Au fond, pourquoi les femmes devraient-elles être naturellement attirées par des images pleines de tendresse et de bons sentiments? Pour moi, sexualité féminine et histoires à l’eau de rose ne vont pas forcément de pair. Devant un porno, je me fiche des dialogues et de la mise en scène. Ils ont d’ailleurs souvent des airs de série B. Si j’ai envie d’une scène détaillée, de drague ou bien de tension sexuelle, je lis un livre ou je regarde un film érotique.
« J’aime regarder un film porno pour me détendre »
J’ai rencontré mon conjoint lors d’une soirée il y a un an et demi. Je lui ai rapidement parlé de mon attrait pour le porno. Je ne suis pas entrée plus que ça dans les détails. Cela m’appartient. Il le comprend. Il m’a dit que nos ébats lui suffisaient pour me connaître. Je sais qu’il regarde aussi des films X quand je ne suis pas là. Cela ne me dérange pas. En revanche, nous n’en visionnons jamais ensemble. Disons que les écrans nous sont utiles quand nous sommes seuls.

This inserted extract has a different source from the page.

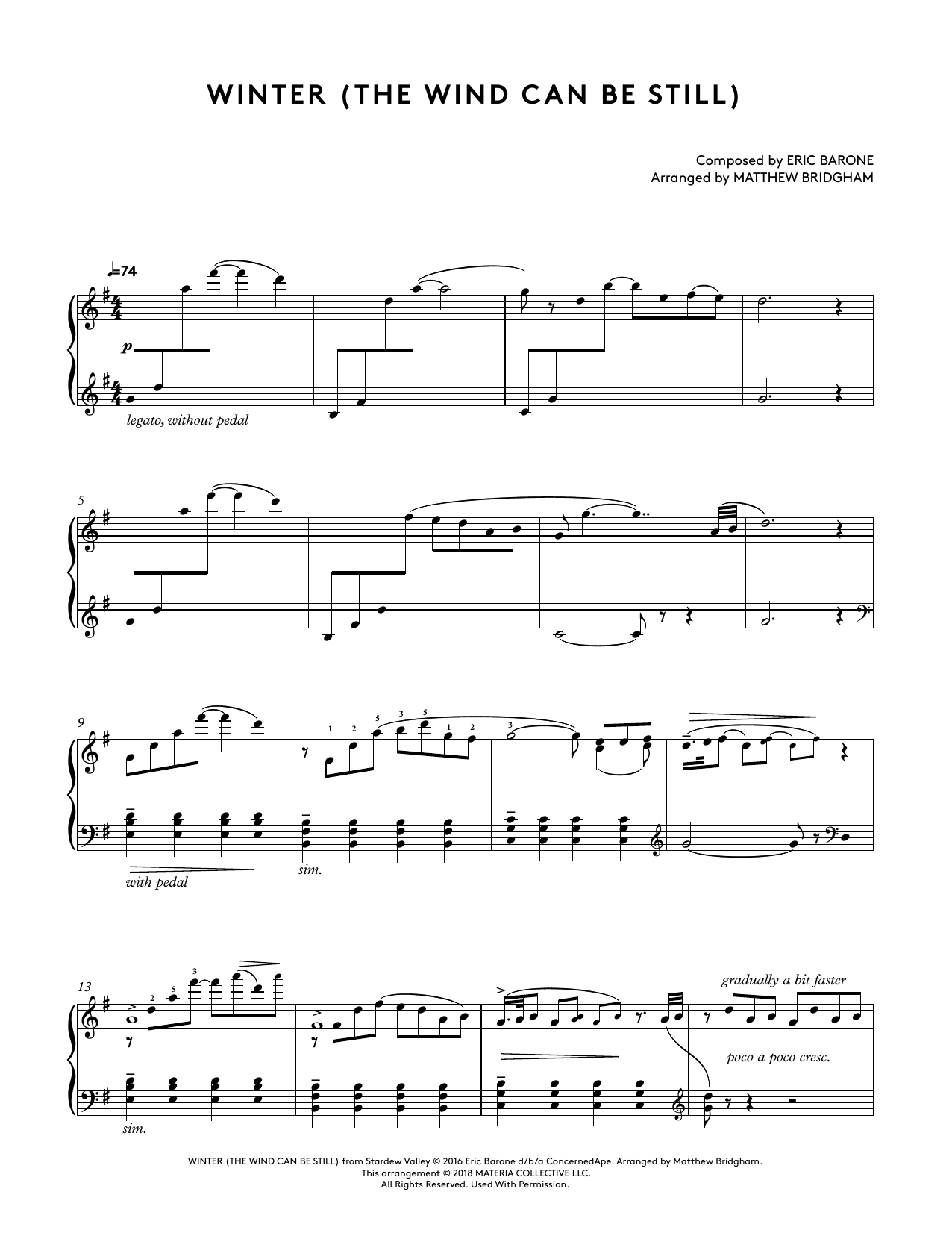 Eric Barone Winter (The Wind Can Be Still) (from Stardew Valley Piano Collections) (arr. Matthew Bridgham) sheet music notes and chords arranged for Piano Solo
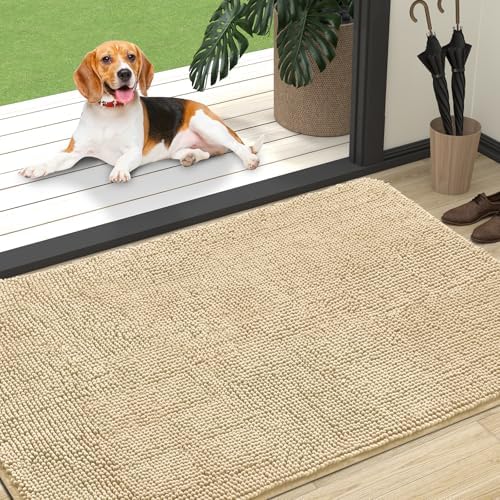 OLANLY Dog Door Mat for Muddy Paws 47x32, Super Absorbent Chenille Mud Mat by OLANLY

Ma consommation de porno est très variable: je peux me masturber en regardant un film trois fois par semaine. Parfois, c’est beaucoup moins, plutôt trois fois par mois. Cela ne dépend pas nécessairement de la santé sexuelle de mon couple, plutôt de mon état d’esprit.

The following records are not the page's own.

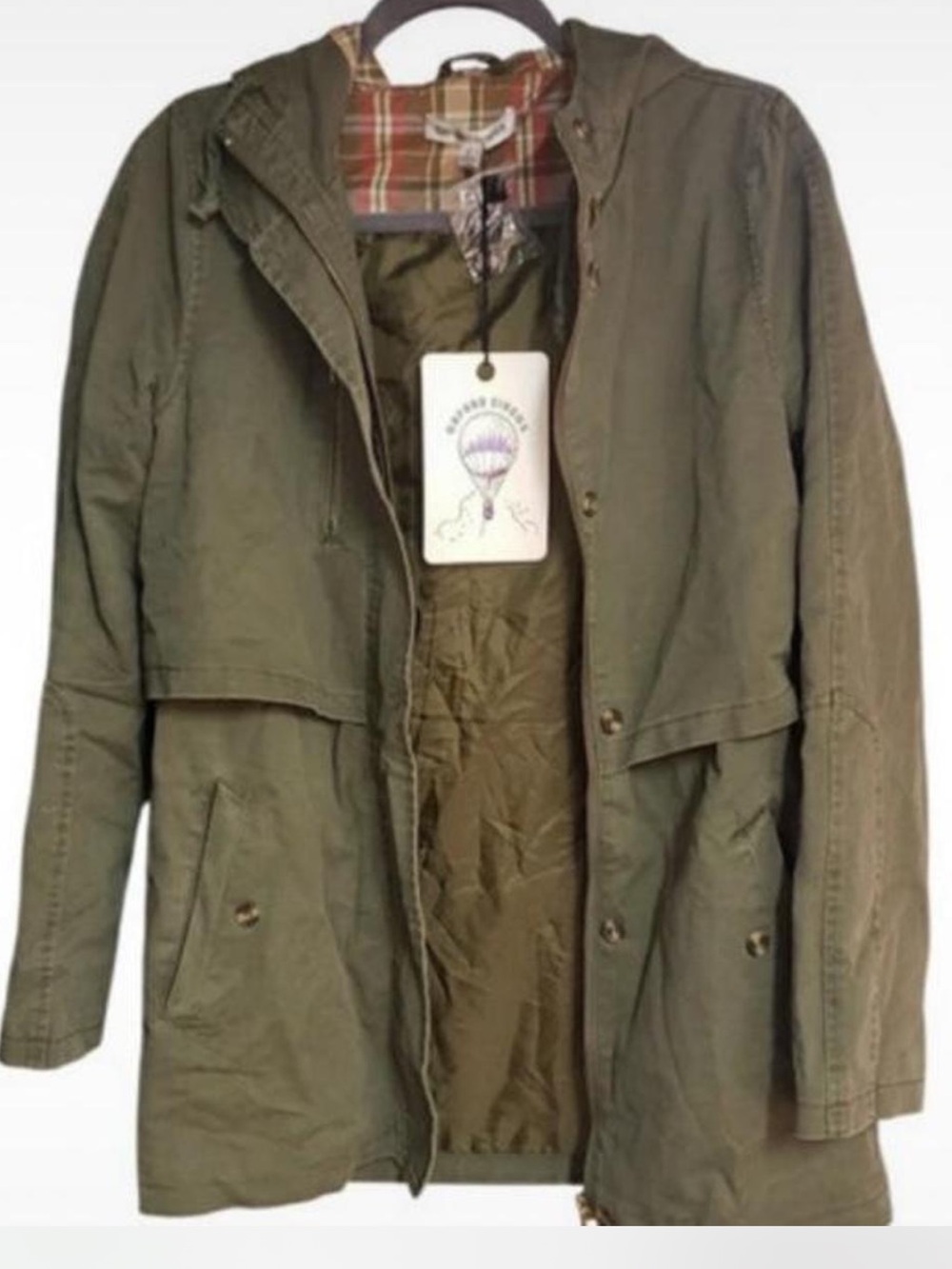 Lightweight Olive Utility Hooded Jacket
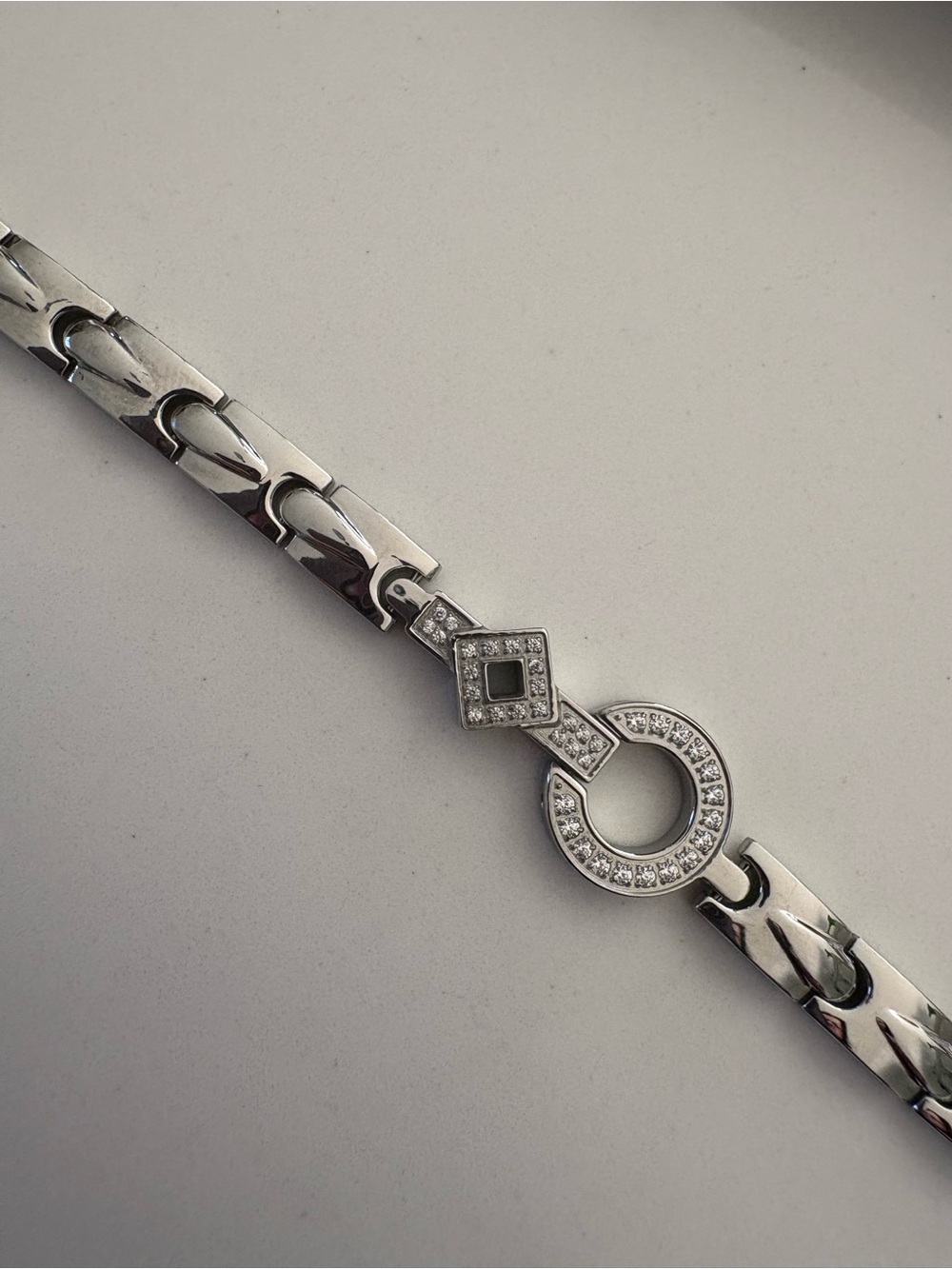 Rainso Silver Tone Crystal Magnetic Therapy Bracelet Set with Link Tool NIB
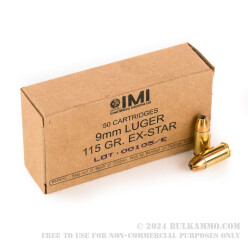 50 Rounds of 9mm Ammo by Israeli Military Industries - 115gr JHP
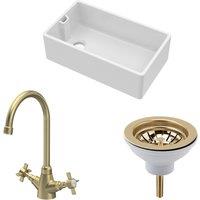 Balterley Fireclay 1 Bowl Belfast Sink Strainer Waste Tap Brushed Brass 795mm in White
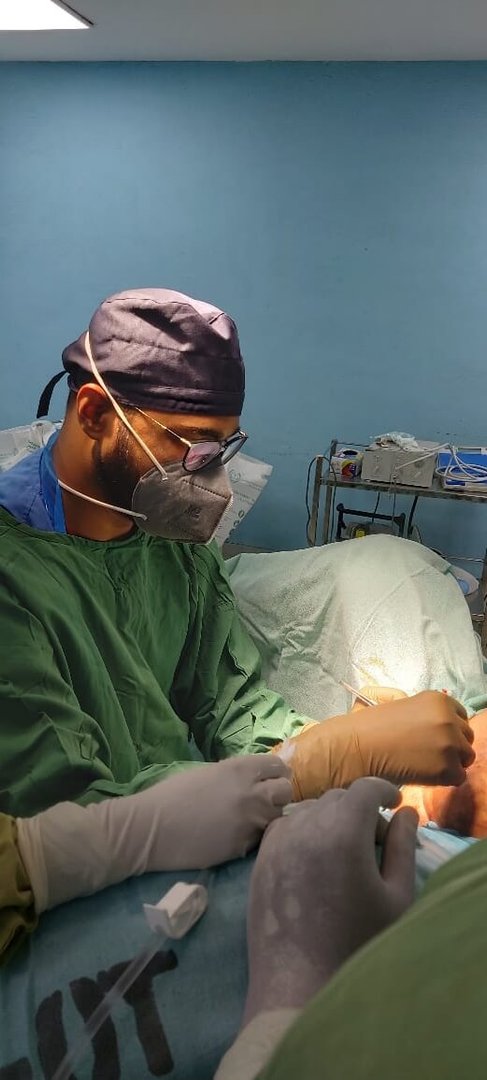 Dr. Sumanta performing a surgery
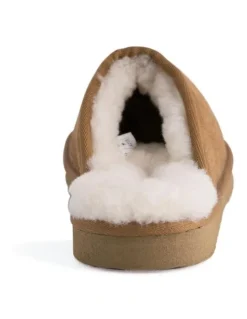 Aus Wooli Ugg Sheepskin Wool Manly Slippers in Brown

J’aime regarder un film porno pour me détendre. Je travaille de chez moi, et si je ressens le besoin de faire une pause, plutôt que de marcher ou prendre un café, moi je me masturbe, c’est un moment où je peux m’abandonner quelques minutes. Je peux aussi regarder un porno parce que justement, la veille nous avons fait l’amour avec mon conjoint et que c’était super. Cela ne signifie pas que je ne suis pas rassasiée, c’est plutôt une façon de retrouver ces agréables sensations.

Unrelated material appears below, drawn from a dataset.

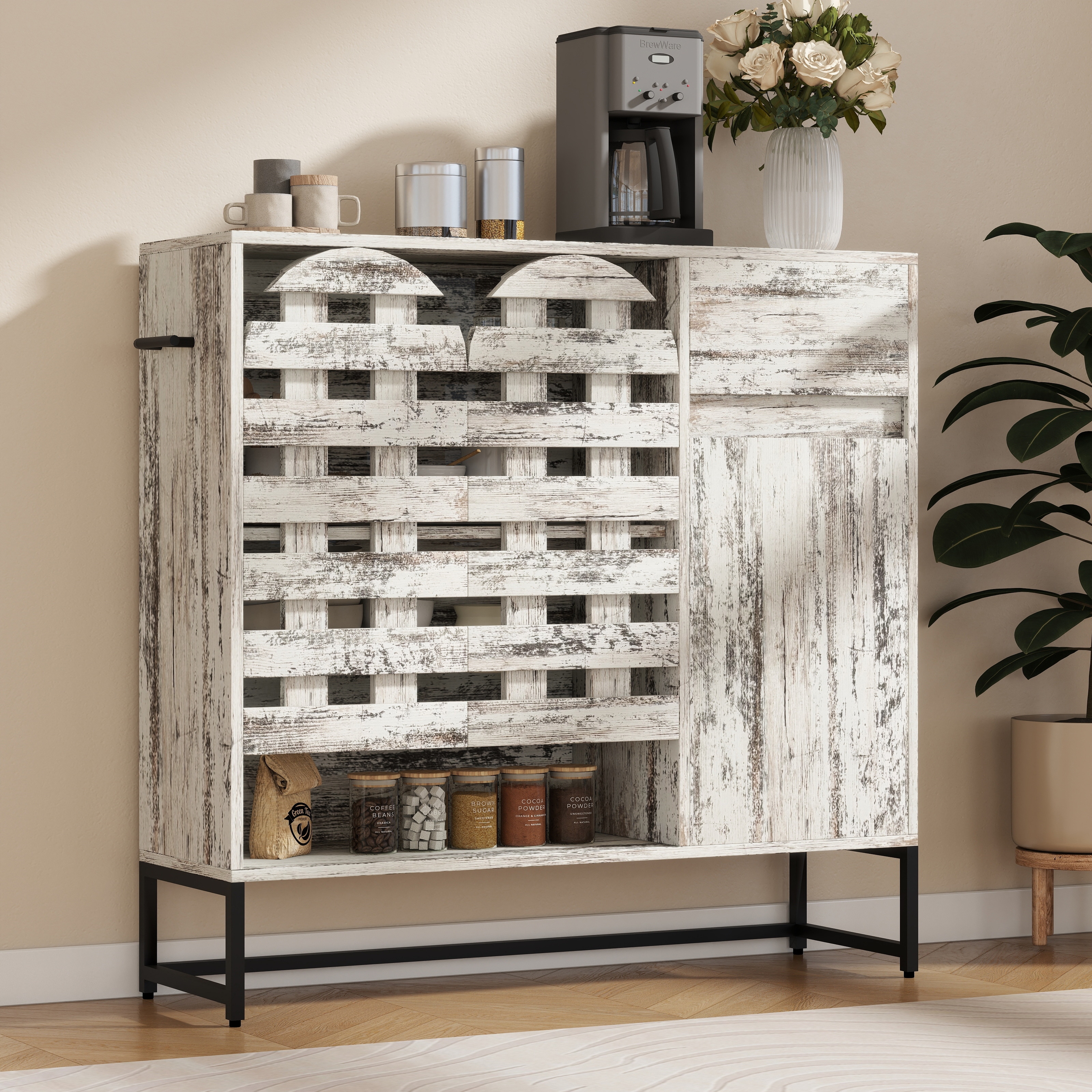 Farmhouse Wooden Sideboard Cabinet with Arched Lattice Doors Storage Drawer and Coffee Bar Console White by GDFStudio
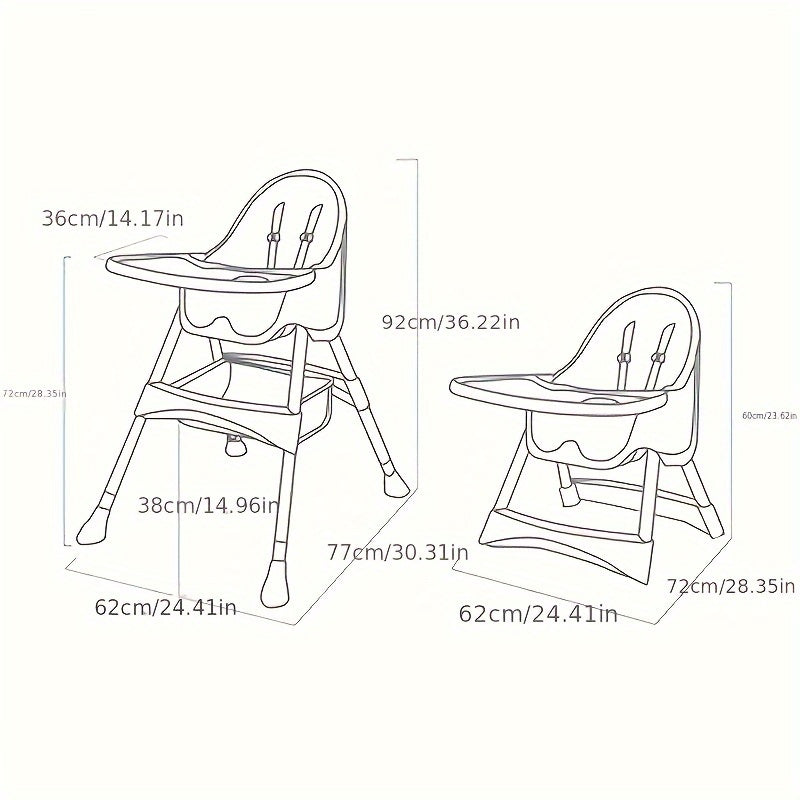Chaise haute bébé ergonomique pour un confort optimal, réglable pour s'adapter à l'enfant et sécuriser les repas.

« Le porno est un support comme un autre pour s’exciter »
J’en ai déjà parlé brièvement à quelques amies qui avaient surpris leur compagnon en train de regarder un film X et pour qui cela constituait un problème. Elles considéraient que c’était la preuve d’une frustration dans leur couple. Je ne suis pas d’accord, j’estime qu’il s’agit simplement d’un terrain de jeu.
Selon certaines, j’ai une « sexualité d’homme ». Cette remarque à tendance à m’énerver. Chacun fait bien ce qu’il veut. J’aimerais qu’on laisse mon imaginaire tranquille: il dit ce qu’il veut et je le nourris comme je veux. Le porno est un support comme un autre pour s’exciter, entretenir ses désirs, s’inspirer ou même se réconforter. Il y en a pour tous les goûts, et moi je continuerais d’assumer les miens.